• WORK ORDER:
Pictures in the records below must be left out. Return exactly the lines from the line with "В Новосибирске пройдет" to the line with "Dual Temperature Control Mattress Pad", both included.

• THE DATA:
····················
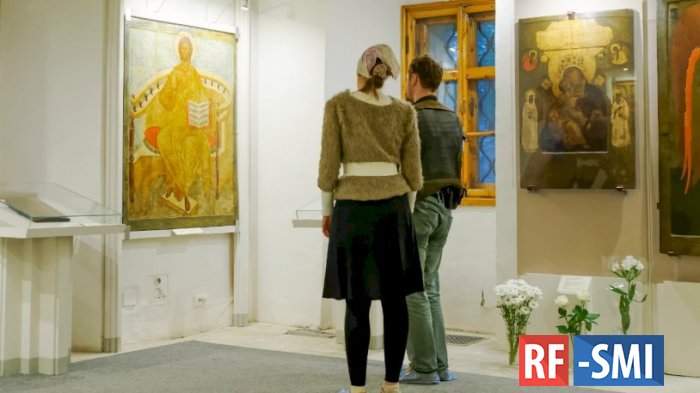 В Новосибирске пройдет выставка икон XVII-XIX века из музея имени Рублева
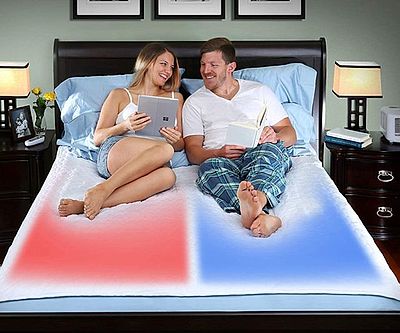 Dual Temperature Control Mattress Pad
····················
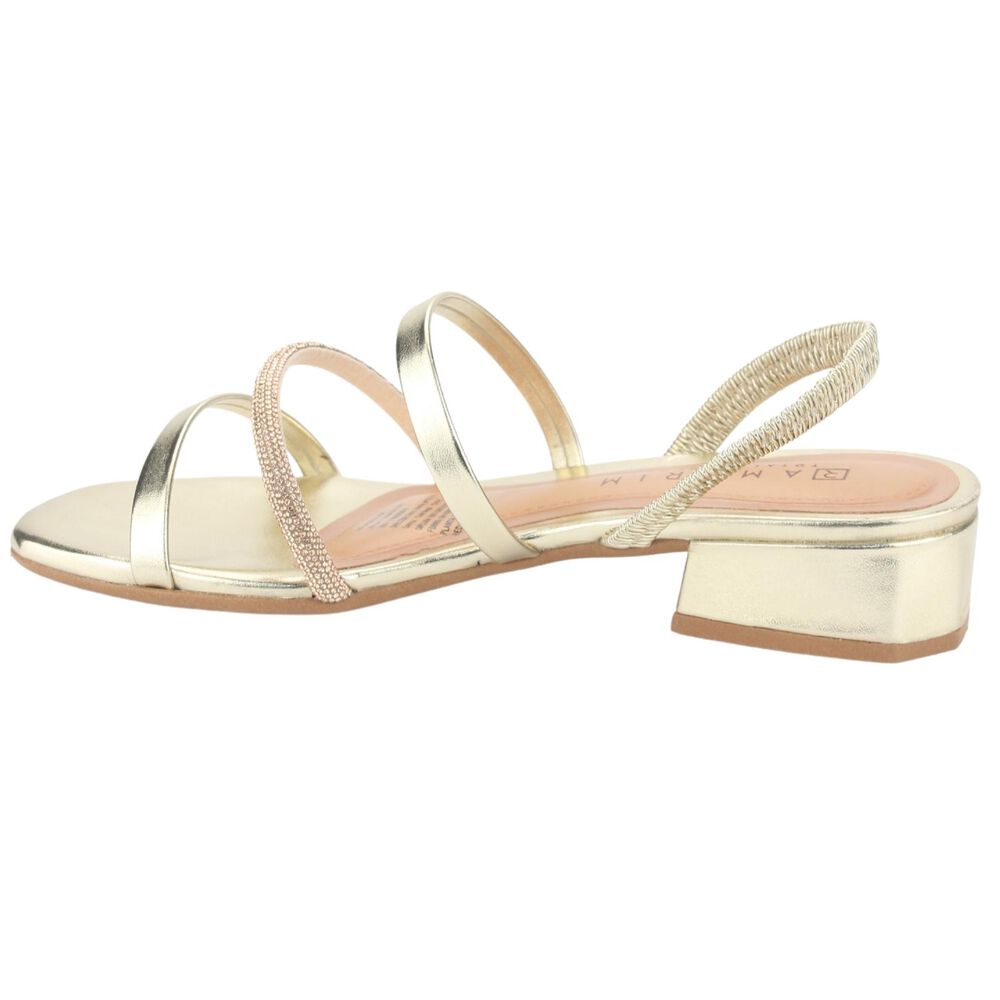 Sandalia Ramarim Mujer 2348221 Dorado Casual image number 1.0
····················
• SOLUTION FOR THIS TASK:
 В Новосибирске пройдет выставка икон XVII-XIX века из музея имени Рублева
 Dual Temperature Control Mattress Pad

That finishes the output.